Personal material is at most risk when someone moves from one job to another. Things get lost in the transition.  Platform migrations of all kinds are periods of considerable peril for the continuity of this kind of material, which is something we need to think very carefully about.  The average length of a user’s relationship with a social platform may be determined by the emergence of new platforms.  We do not understand the relationship with shared spaces for personal archiving very well.  We need “Archive Me” buttons on many more things!
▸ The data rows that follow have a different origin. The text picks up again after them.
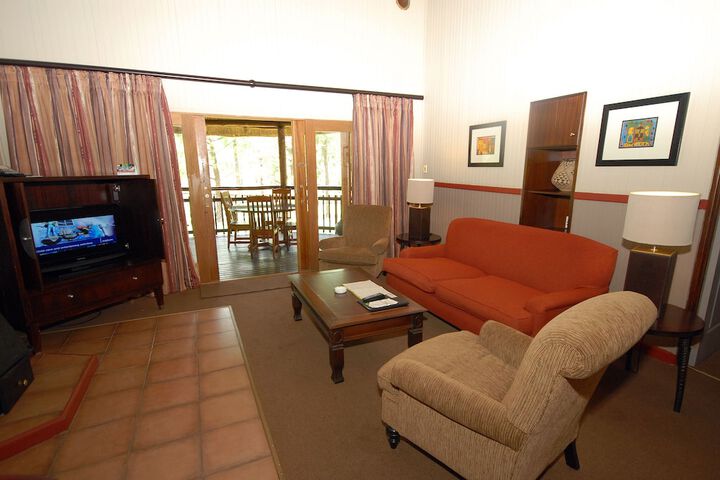 Room 5 of 90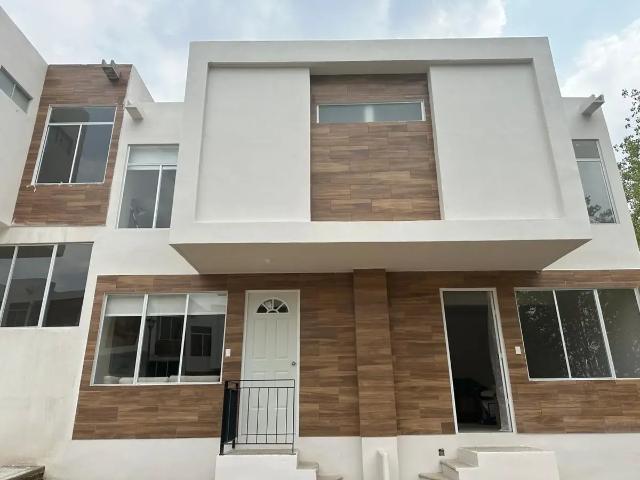 Casa en venta en fraccionamiento privado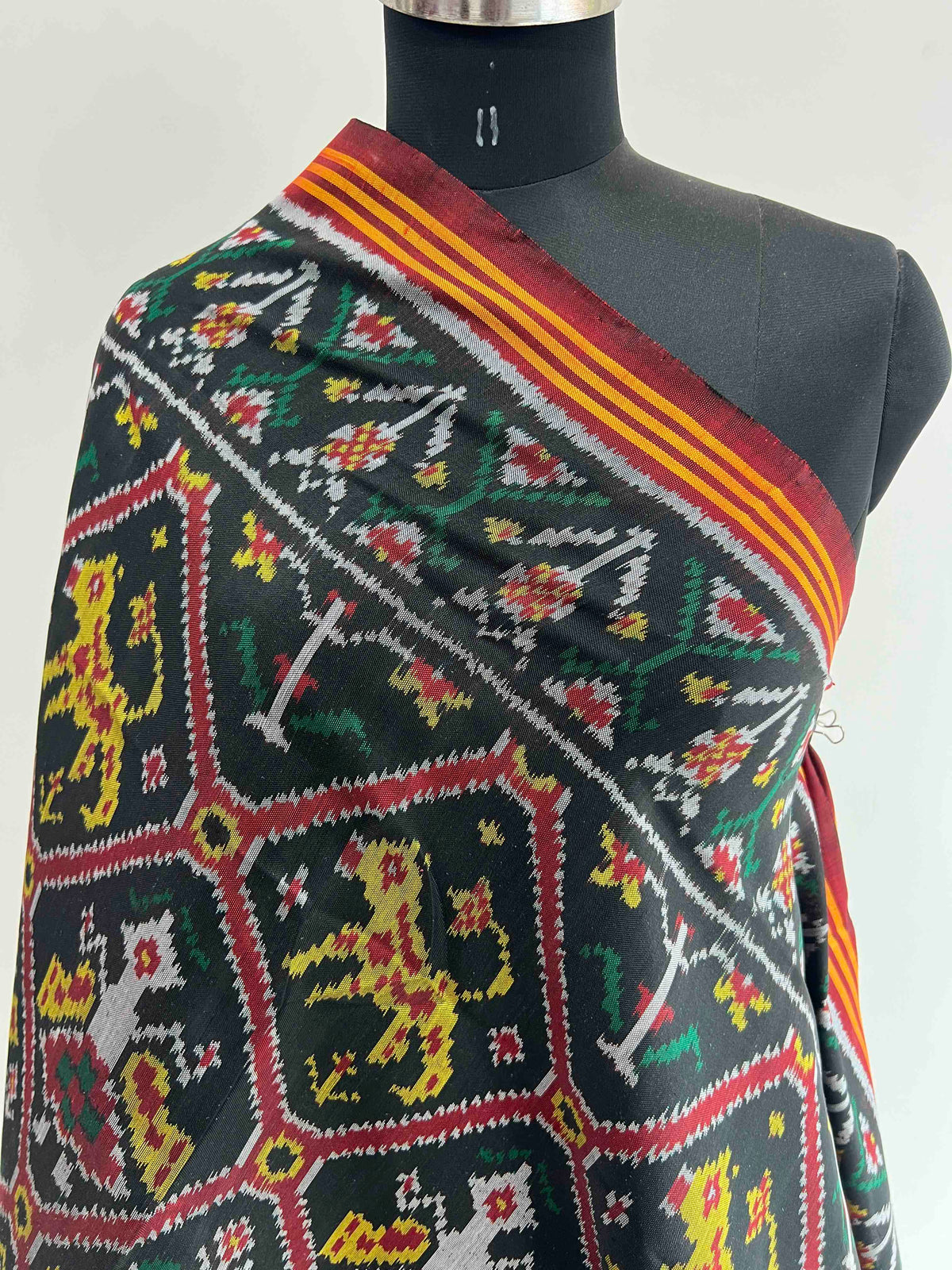 Full Black Big Narikunj Design Hand Woven Rajkot ikat Patola Dupatta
We have a notion of a “public life”: a minimum record of someone’s life that is public, such as birth/death dates, public offices, or children’s names.  We have built up many systems to record those things, which are becoming much more open and extensive.  Look at the number of biographic entries in Wikipedia, for example.  In the higher education world where tracking publications is important, unique author IDs are being developed.  There is a move to make some activities more transparent and public.  We need to think about how these spaces interconnect to the general infrastructure of society that is bound up in identity, genealogy, publication, and information dissemination.  There is a strong linkage that will need considerable study.  What’s the public part of a life?  Do we have social or legal consensus on that?  How does that connect with shared social spaces?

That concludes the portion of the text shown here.